To do: Leave the pictures out. Transcribe exactly every line from the start of the records through the one containing "Ein Baby ist".

(Short text fragments from websites)
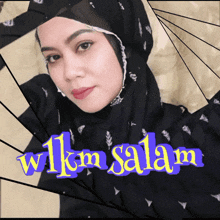 a woman wearing a black hijab is surrounded by the words wilkm salam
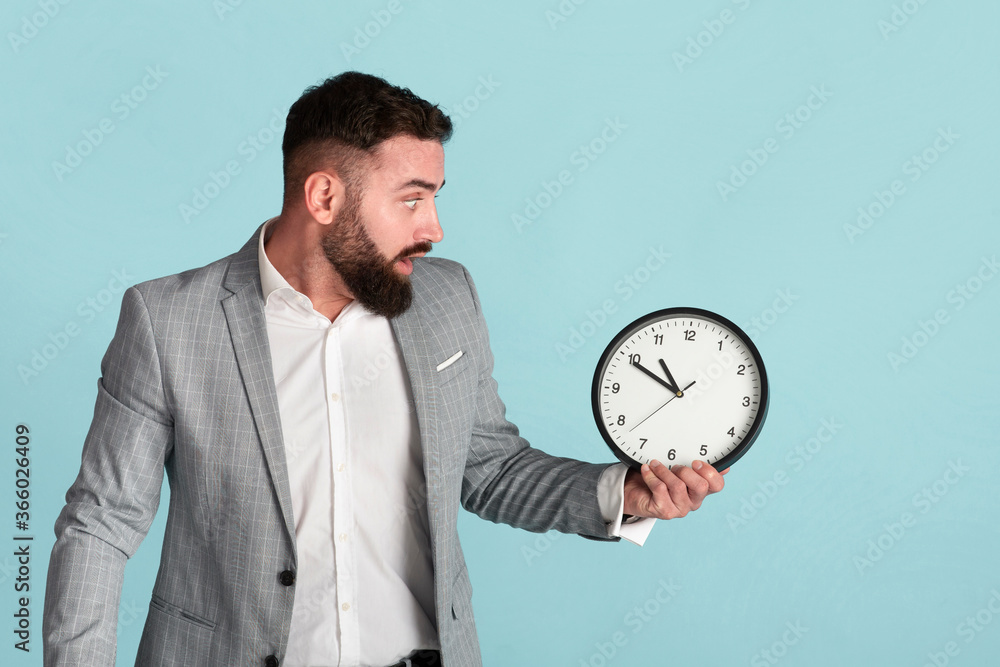 Time management problem. Scared corporate worker with analog clock missing deadline over blue background Time management problem. Scared corporate worker with analog clock missing deadline over blue background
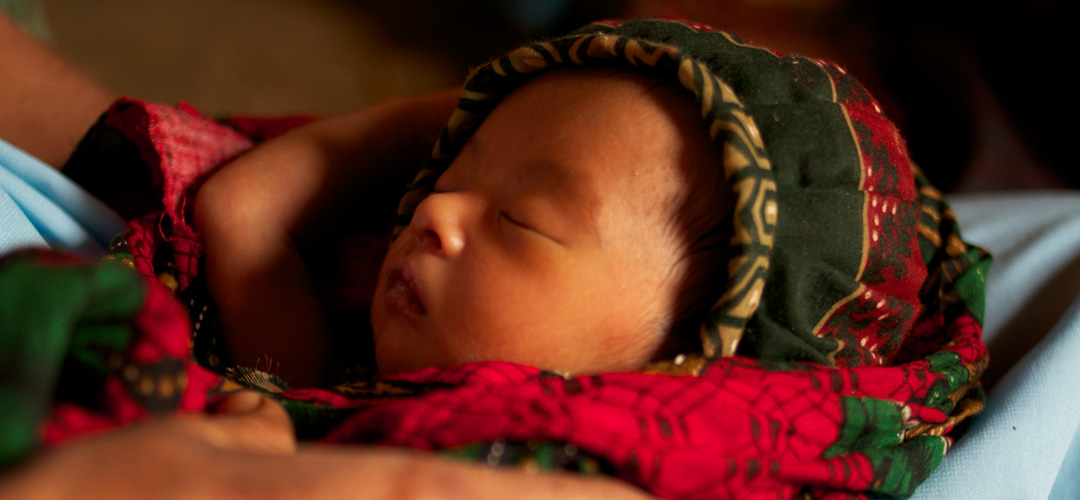Ein Baby ist in farbige Kleidung eingewickelt und schläft.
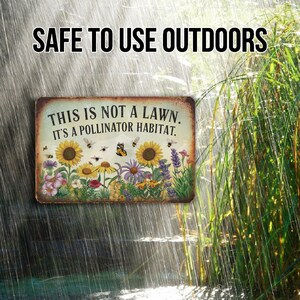 May include: A metal sign with a rustic background featuring a colorful illustration of a garden with flowers, butterflies, and bees. The sign reads "This is not a lawn. It's a pollinator habitat."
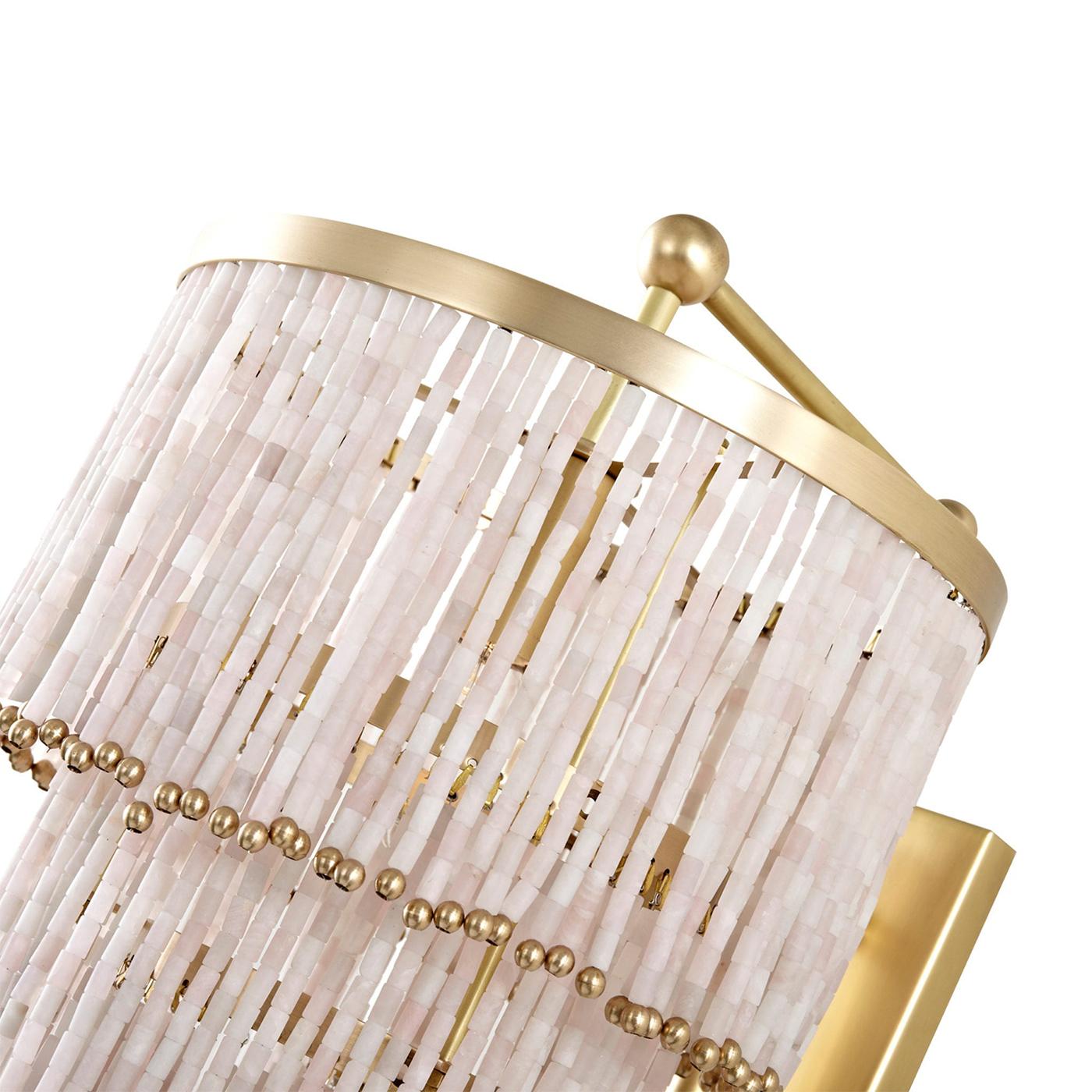 Este elegante aplique de pared adornado con cuentas de cuarzo rosa capta a la perfección el equilibrio entre lujo y artesanía que define a Badari. El delicado diseño artesanal del aplique añade un toque sofisticado a cualquier interior, creando un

Answer space:
 a woman wearing a black hijab is surrounded by the words wilkm salam
 Time management problem. Scared corporate worker with analog clock missing deadline over blue background Time management problem. Scared corporate worker with analog clock missing deadline over blue background
Ein Baby ist in farbige Kleidung eingewickelt und schläft.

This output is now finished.